I know, that sounds so ideal, but it has happened. She actually finished the food she insisted she didn't want to eat, because once she started eating, it was something she liked. Yesterday when she said she didn't want the can of pasta I opened for lunch, there was not even a blowup. I just advised her to eat a few bites and pretty soon the plate was clean.

Next time, we may be facing a replay of the removal from the table, but I think it won't be a constantly repeated exercise. I think by finding another way to deal with what is an emotional situation for her, we both learn. The emphasis is on both of us learning.
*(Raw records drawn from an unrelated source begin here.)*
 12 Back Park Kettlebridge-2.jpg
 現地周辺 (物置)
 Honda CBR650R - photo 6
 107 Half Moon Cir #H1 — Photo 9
When I was a young mother, I was busy with so many things and managing so much other stress, that an uncooperative child was often the thing that pushed me over the top. Whether it was failing to pick up toys when asked to do so, or something really serious like dashing into a parking lot, a spanking was more about my inability to consider another option than it was about what they had done and their failure to mind. I cannot fault other people who face the same difficult situations and react the same way.

The additional level of maturity brought by age and experience and the degree of separation I have from my grandchildren's everyday needs is one of the reasons I'm able to negotiate my own emotional terrain a little more successfully. I don't have to worry about how I'm paying for the diapers on the baby's butt or the roof over their heads, all I have to focus on is their needs 8 hours a day. Surely I can be the mature one that long.
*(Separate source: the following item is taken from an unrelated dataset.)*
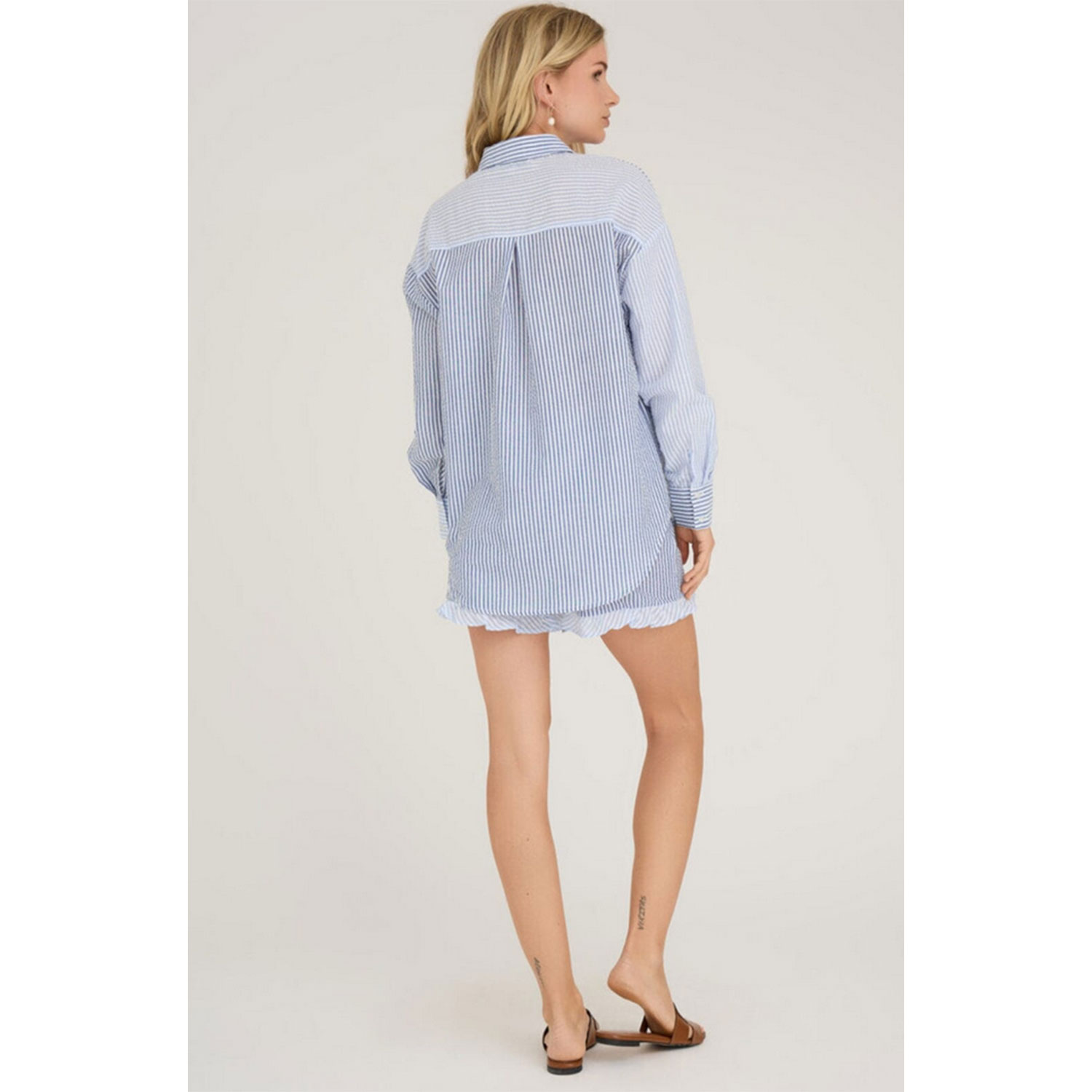 A-View Salvador Shorts in Blau Weiss gestreift von A-View Model hinten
I think most grandparents likely go through that shift in their thinking, which may be one of the reasons people accuse their parents of loving their grandchildren more than their actual children. It's not that I let them get by with more, but that I manage how I react differently.
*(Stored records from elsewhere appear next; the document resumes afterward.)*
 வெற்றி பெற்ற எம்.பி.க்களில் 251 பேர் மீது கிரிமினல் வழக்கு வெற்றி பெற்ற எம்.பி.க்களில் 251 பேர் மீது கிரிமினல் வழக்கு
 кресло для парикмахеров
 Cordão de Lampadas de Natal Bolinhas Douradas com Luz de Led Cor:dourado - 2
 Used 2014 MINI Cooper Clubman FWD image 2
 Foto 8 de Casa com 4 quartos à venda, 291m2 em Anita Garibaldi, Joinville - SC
No, I'm not successful 100 percent of the time. Sometimes I react before taking that extra minute I need to be in control. Sometimes I catch myself just in time and turn what could have been a spanking into a "sit down and talk about what you did wrong." Sometimes I throw away the crayons, despite the fact they're screaming that they really will pick them up and not dump them out again, because I know even with their best intentions, tossing them is the only way I won't pick them up again. And sometimes their behavior is so over the top that a swat is the only way I've found to deal with it -- although I hope that will change over time as well.

So no, I don't want to be in the pro-spanking corner any more. I don't think the decline in our society is because we don't spank, it's because we don't take the time to do anything else either. We're working two or three jobs to make ends meet and buy our kids all the neat things they think they have to have when what they really need is more of us, more time to learn who they are instead of trying to be who their friends think they are, more conversation at the dinner table instead of texting or gaming, and more real learning instead of mindless homework just to pass a test.

It's easy to pass judgement and say if parents would just spank their kids like we were spanked, it would be better. But by and large, spanking was just a small part of the parenting process in which we were raised. Families and society have changed in radical ways and today's parents are still struggling to find the right balance without the easy guidelines that we had from our parents.

Instead of condemning parents who make the difficult choice not to spank, we need to be supportive and encourage them to find other ways to discipline and the time to make sure their children learn the lessons we seem to think were beat into us. We don't need to say a good spanking would fix that, because really, it won't.

Becoming a person who helps them understand life, like our parents and grandparents did in thousands of ways that are less memorable than the symbolic spanking will help change our children. Being yet another bully who forces them to do what we say through threats and violence isn't the answer.